Features

Articles

The Role of Reference Data in Business Rules

Malcolm Chisholm Author, Read Author Bio || Read All Articles by Malcolm Chisholm

Interest in business rules has always been closely linked to the disciplines of data management and database design. This is not simply a reflection of the background of many of the IT professionals who are actively involved in business rule projects. Rather it is a result of the realization that the "logic" of business rules must operate on data stored in databases. For instance, a business rule that performs a calculation will most likely obtain input data values from a database and then store the result there.

While interactions of this kind with "regular data" are interesting, the way in which "meta data" is linked to the logic of rules is of much greater significance. There is no doubt that business rule logic can very often be expressed as meta data stored in a database. This is attractive because it permits other meta data --- perhaps describing definitions, ownership, or issues -- to be defined in tables related to those holding business rule definitions.

Anyone who tries to do this will soon find that they are designing a database (perhaps called a repository) that looks quite different from the database containing the data that the rules operate on -- with one exception. This exception is "reference data," which exists in the data the rules operate on and is used within the logic of the rules themselves. This article looks at what makes up this rather special category of data, just why it is important in business rules, and what an enterprise must do to manage it in order to have an effective business rules strategy.

Meta Data vs. Reference Data

"Meta data" is usually defined as "data about data," which is not very illuminating and glosses over a lot of complexities. In addition, "meta data" is often used to cover a rather large area and many different kinds of data. For instance, it is often used simply to distinguish data that defines the logic of a business rule from data on which the business rule operates.

All of this leads to a rather superficial view, not only of meta data but also of data architecture in general. It ignores the fact that an enterprise's data has a definite large-scale structure that can be differentiated into a number of layers, of which meta data is only one.

Reference data is another of these layers. It is quite distinct from meta data and plays a particularly important role in the formulation of business rules. Unfortunately, even though many data professionals are aware of its existence it is often ignored, and this in turn has an adverse impact on a general understanding of business rules.

Reference data is often called "code tables" or "lookup tables" in the IT world. These are familiar small tables that often consist of just a primary key "code" attribute and a single non-key attribute that holds a name or description. Examples include things like Country, Currency, SIC Classification, Account Status, and Customer Type. The structural simplicity of these tables is misleading and is probably the reason why "reference data" gets such little attention.

A formal definition of reference data is:

Reference data is any kind of data that is used solely to categorize other data found in a database, or solely for relating data in a database to information beyond the boundaries of the enterprise.

It is obvious that reference data exists as actual implemented data values in a database, and so it cannot be mistaken for meta data, which describes other data in some way.

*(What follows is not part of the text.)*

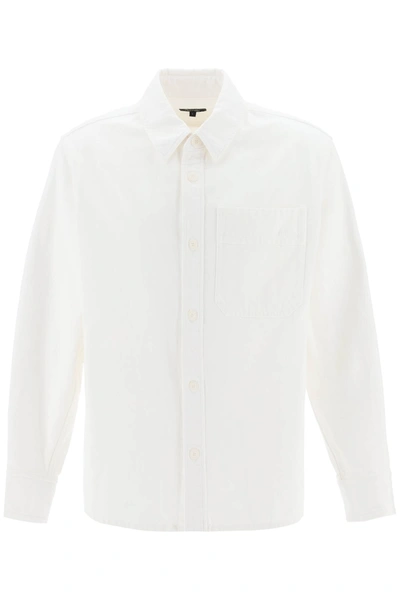 Shop Apc A.p.c. Basile Brodée Overshirt Men In White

However, in terms of importance it comes close to meta data since reference data is often used as reporting dimensions, and its unique role in categorizing other data means that it enters into play within the logic of business rules.

As a class of data, reference data is actually quite diverse. It is important to appreciate this diversity in order to better understand the general role of reference data in business rule logic. The major types of reference data are as follows:

Things external to the enterprise. Examples are country, currency, and credit rating. Very few enterprises in the business of producing new countries, currencies, etc., but all enterprises need to put their information into a context that can be understood within the framework of the wider world. So it becomes necessary to use information that describes things outside the enterprise that can never be changed by the transactions that the enterprise processes.
Type codes, status codes, and role codes. These reference data tables constrain the design of a database and play a significant part in the business rule logic of any application. An example of a type code is shown in Figure 1, where the Customer Type table contains two records: one for "Institutional Customer" and one for "Individual Customer." It controls the subtypes of the Customer table, which consist of Institutional Customer and Individual Customer. Status codes similarly control entity life histories, and role codes control relationships of entities. This category of reference data is quite close to meta data, has values that are known when a database is designed, and is never updated by users.

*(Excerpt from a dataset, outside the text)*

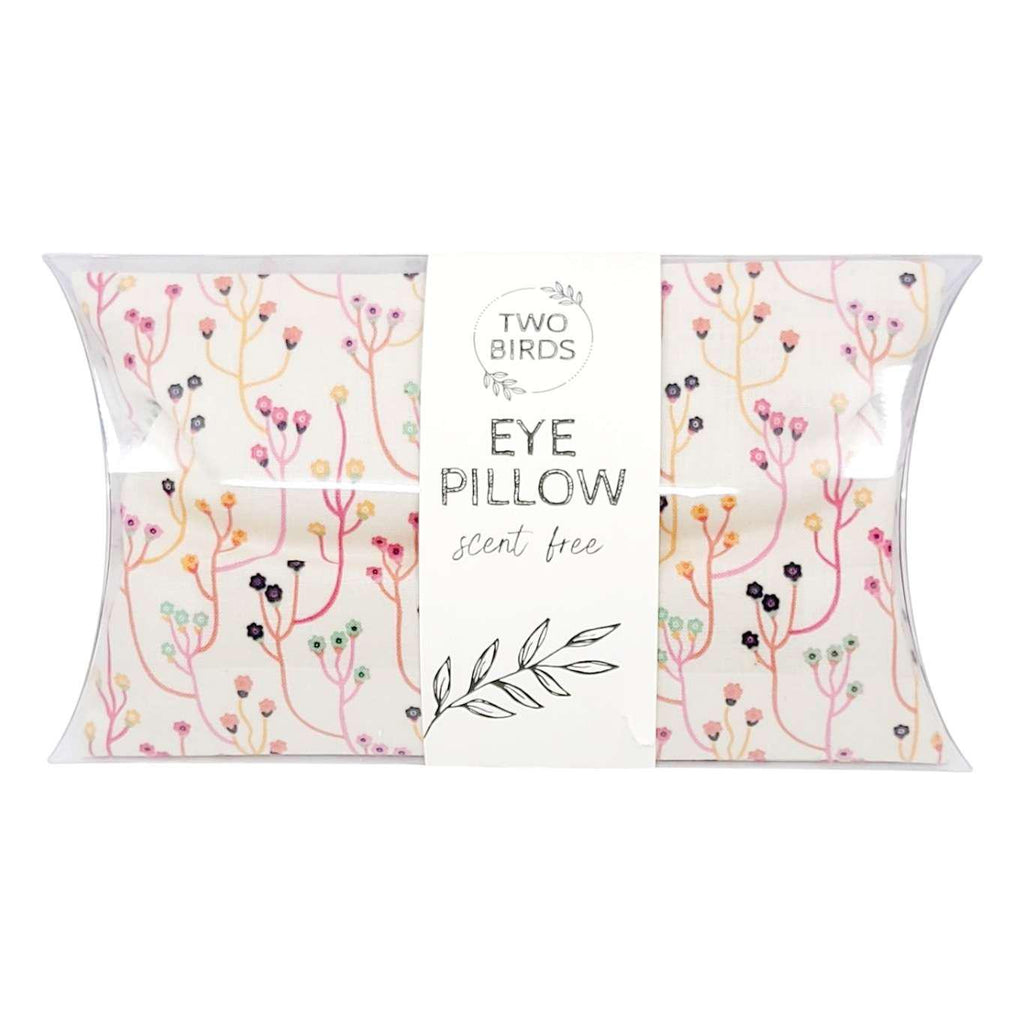 Eye Pillow - Upward Floral (Lavender or Scent Free) by Two Birds Eco Shop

Figure 1: Customer Type -- A Typical Type Code

Classification schemes. Any information in a database can be classified in an infinite number of ways, although it is common for an enterprise to use just a few schemes, e.g., Industry Classification. However, external organizations (particularly regulatory authorities) may force the enterprise to report its information according to additional classifications, e.g., based on environmental impact, energy consumption, etc.
Constant Values. The reference data we have discussed so far describes entities -- be they external things, design elements, or ideas. However, additional non-key reference data may be used by the enterprise. Tax rates are a good example. They are set by a particular jurisdiction and must be used by the enterprise. These constant values are nearly always non-key attributes of reference data tables

Reference Data -- Values with Meaning

Although reference data is quite diverse, it has some unique properties that give it cohesion as a distinct layer of data in an enterprise's information architecture. Perhaps the most important of these properties is that reference data values can have definitions. For example, a credit card issuer may categorize accounts in the way shown in Table 1.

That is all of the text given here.